Checking the stacktrace:

4> erlang:process_info(pid(0,1461,0), current_stacktrace).
{current_stacktrace,[{httpc,handle_answer,3,
                            [{file,"httpc.erl"},{line,865}]},
                     {httpc,handle_request,9,[{file,"httpc.erl"},{line,809}]},
                     {oidcc_http_util,'-request/4-fun-0-',5,
                                      [{file,"/workspace/myapp-server/_build/default/lib/oidcc/src/oidcc_http_util.erl"},
                                       {line,109}]},
                     {telemetry,span,3,
                                [{file,"/workspace/myapp-server/_build/default/lib/telemetry/src/telemetry.erl"},
                                 {line,321}]},
                     {oidcc_provider_configuration,load_jwks,2,
                                                   [{file,"/workspace/myapp-server/_build/default/lib/oidcc/src/oidcc_provider_configuration.erl"},
                                                    {line,264}]},
                     {oidcc_provider_configuration_worker,handle_continue,2,
                                                          [{file,"/workspace/myapp-server/_build/default/lib/oidcc/src/oidcc_provider_configuration_worker.erl"},
                                                           {line,212}]},
                     {gen_server,try_handle_continue,3,
                                 [{file,"gen_server.erl"},{line,1085}]},
                     {gen_server,loop,7,[{file,"gen_server.erl"},{line,995}]}]}

How to reproduce

Haven't been able to pinpoint the exact scenario leading to the hang/timeout yet.

Expected behavior

It shouldn't hang :)

maennchen commented 3 months ago

@asabil Hm, I possibly haven’t set any timeouts which will hang it forever. I‘m open to a PR or I’ll investigate this next week.

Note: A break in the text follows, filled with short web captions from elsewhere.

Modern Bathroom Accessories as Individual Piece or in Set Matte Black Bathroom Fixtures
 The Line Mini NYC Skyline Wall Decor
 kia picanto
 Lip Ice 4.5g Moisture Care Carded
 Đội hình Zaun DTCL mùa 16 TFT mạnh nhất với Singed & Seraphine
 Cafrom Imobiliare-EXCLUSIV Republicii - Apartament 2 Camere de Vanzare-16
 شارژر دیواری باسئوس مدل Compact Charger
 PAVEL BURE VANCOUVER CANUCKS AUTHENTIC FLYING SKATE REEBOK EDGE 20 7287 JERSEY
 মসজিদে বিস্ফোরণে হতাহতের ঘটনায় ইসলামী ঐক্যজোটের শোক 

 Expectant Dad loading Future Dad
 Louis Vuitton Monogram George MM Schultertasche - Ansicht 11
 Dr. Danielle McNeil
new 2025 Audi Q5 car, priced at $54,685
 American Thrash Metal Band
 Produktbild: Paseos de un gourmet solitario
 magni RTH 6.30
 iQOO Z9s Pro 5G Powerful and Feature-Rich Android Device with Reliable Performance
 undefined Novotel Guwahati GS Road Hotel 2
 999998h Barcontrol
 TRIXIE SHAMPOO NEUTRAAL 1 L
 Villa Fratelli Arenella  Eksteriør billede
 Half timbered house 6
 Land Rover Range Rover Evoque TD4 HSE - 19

asabil commented 3 months ago

Added some printout in oidcc_http_util:request/4 and it actually looks like there is a "timer" problem:

[1720176242986], HTTP: get {"https://myapp-dev.eu.auth0.com/.well-known/openid-configuration",[]} [{timeout,60000}] default
[1720176243470], HTTP: get {<<"https://myapp-dev.eu.auth0.com/.well-known/jwks.json">>, []} [{timeout,60000}] default
[1720176258475], HTTP: get {"https://myapp-dev.eu.auth0.com/.well-known/openid-configuration", []} [{timeout,60000}] default
[1720176258526], HTTP: get {<<"https://myapp-dev.eu.auth0.com/.well-known/jwks.json">>, []} [{timeout,60000}] default
[1720176258647], HTTP: get {<<"https://myapp-dev.eu.auth0.com/.well-known/jwks.json">>, []} [{timeout,60000}] default
[1720176273530], HTTP: get {"https://myapp-dev.eu.auth0.com/.well-known/openid-configuration", []} [{timeout,60000}] default
[1720176273658], HTTP: get {<<"https://myapp-dev.eu.auth0.com/.well-known/jwks.json">>, []} [{timeout,60000}] default
[1720176273806], HTTP: get {<<"https://myapp-dev.eu.auth0.com/.well-known/jwks.json">>, []} [{timeout,60000}] default
[1720176273852], HTTP: get {<<"https://myapp-dev.eu.auth0.com/.well-known/jwks.json">>, []} [{timeout,60000}] default
[1720176288659], HTTP: get {"https://myapp-dev.eu.auth0.com/.well-known/openid-configuration", []} [{timeout,60000}] default
[1720176288705], HTTP: get {<<"https://myapp-dev.eu.auth0.com/.well-known/jwks.json">>, []} [{timeout,60000}] default
[1720176288811], HTTP: get {<<"https://myapp-dev.eu.auth0.com/.well-known/jwks.json">>, []} [{timeout,60000}] default
[1720176288854], HTTP: get {<<"https://myapp-dev.eu.auth0.com/.well-known/jwks.json">>, []} [{timeout,60000}] default
[1720176288905], HTTP: get {<<"https://myapp-dev.eu.auth0.com/.well-known/jwks.json">>, []} [{timeout,60000}] default

So it looks like we somehow end up being blocked by auth0 because the number of jwks requests keep accumulating (1, 2, 3, 4...).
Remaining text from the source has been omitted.